Hoge Raad, 8 april 2016
Een in Nederland regelmatig voorkomende vermogensplanning houdt in dat ouders de woning overdragen aan de kinderen, maar zich daarbij het recht voorbehouden om in de woning te blijven wonen. Door deze techniek wordt het eigendom van de woning al overgedragen aan de kinderen, maar kunnen de ouders wel in hun eigen woning blijven wonen. Het beoogde voordeel is dat bij overlijden (of, in geval van een recht van gebruik en bewoning, ook bij de verhuizing naar een verzorgingstehuis) de kinderen automatisch het volle eigendom van de woning krijgen. Daar kan ook een voordeel in de erfbelasting in liggen, omdat een aangroei van bloot eigendom naar vol eigendom in beginsel onbelast is voor de erfbelasting.
Omdat deze waardeaangroei voor de kinderen als een voordeel kan worden gezien, heeft de wetgever ingegrepen. Deze vermogensoverdracht aan de kinderen kan worden belast als een fictieve erfenis (fictieve erfrechtelijke verkrijging). Volgens de regeling is deze fictie niet van toepassing op het moment dat de ouders al meer dan zes maanden voor het overlijden de woning hebben verlaten, of als de ouders aan de kinderen altijd een zakelijke vergoeding hebben betaald. Deze zakelijke vergoeding is ook vastgelegd in de wet en bedraagt 6% van de WOZ-waarde die jaarlijks opnieuw wordt vastgesteld.

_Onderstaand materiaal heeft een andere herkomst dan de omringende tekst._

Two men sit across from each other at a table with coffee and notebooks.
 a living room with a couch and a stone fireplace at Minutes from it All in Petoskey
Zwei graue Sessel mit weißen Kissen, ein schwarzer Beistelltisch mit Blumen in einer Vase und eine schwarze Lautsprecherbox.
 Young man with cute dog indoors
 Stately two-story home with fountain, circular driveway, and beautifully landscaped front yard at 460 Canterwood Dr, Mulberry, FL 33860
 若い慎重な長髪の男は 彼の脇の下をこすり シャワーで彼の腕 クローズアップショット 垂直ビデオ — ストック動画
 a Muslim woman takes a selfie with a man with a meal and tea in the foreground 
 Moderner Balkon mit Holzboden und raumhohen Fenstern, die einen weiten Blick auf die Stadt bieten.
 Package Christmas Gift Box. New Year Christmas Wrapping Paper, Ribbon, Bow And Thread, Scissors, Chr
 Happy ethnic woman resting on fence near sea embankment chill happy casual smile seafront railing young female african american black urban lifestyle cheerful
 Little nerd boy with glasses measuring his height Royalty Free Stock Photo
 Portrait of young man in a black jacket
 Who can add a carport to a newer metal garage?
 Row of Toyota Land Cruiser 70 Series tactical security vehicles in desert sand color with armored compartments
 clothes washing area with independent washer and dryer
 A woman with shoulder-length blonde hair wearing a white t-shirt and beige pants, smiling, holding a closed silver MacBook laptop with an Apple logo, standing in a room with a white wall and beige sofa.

In deze zaak verkocht moeder in 2010 de woning aan haar zoon en zij behield zich een huurrecht voor. De hoogte van de huursom is zakelijk vastgesteld door een beëdigd taxateur op € 7.800 per jaar, en zij betaalde deze huur ook aan de zoon. In 2011 komt de moeder te overlijden. In het jaar 2010 was de WOZ-waarde € 221.000 en in 2011 nog € 216.000. Als uit zou worden gegaan van de regeling in de erfbelasting dan zou 6% van € 221.000 = € 13.260 overeen moeten zijn gekomen voor 2010, en voor 2011 6% van € 216.000 = € 12.960. Deze huren liggen aanmerkelijk hoger dan de door de taxateur vastgestelde zakelijke huur.
De vraag die aan de Hoge Raad is voorgelegd is of er erfbelasting verschuldigd is, omdat de bedoeling van de fictie is dat een zakelijke vergoeding wordt betaald in een situatie waarbij het gebruik (het genot) van de woning wordt behouden. Feitelijk is het argument van de zoon dat 6% van de WOZ-waarde veel te hoog is als zakelijke huur.
De Hoge Raad komt echter tot de conclusie dat de fictie van toepassing is en dat er erfbelasting kan worden geheven. De wet is in die zin duidelijk en er is in dit geval (helaas) geen 6% van de WOZ-waarde betaald.
Hoewel dit een Nederlandse situatie betreft, kan dit ook voor Nederbelgen van belang zijn. De Nederlandse erfbelasting kan personen met de Nederlandse nationaliteit namelijk tot tien jaar na emigratie volgen en belasten.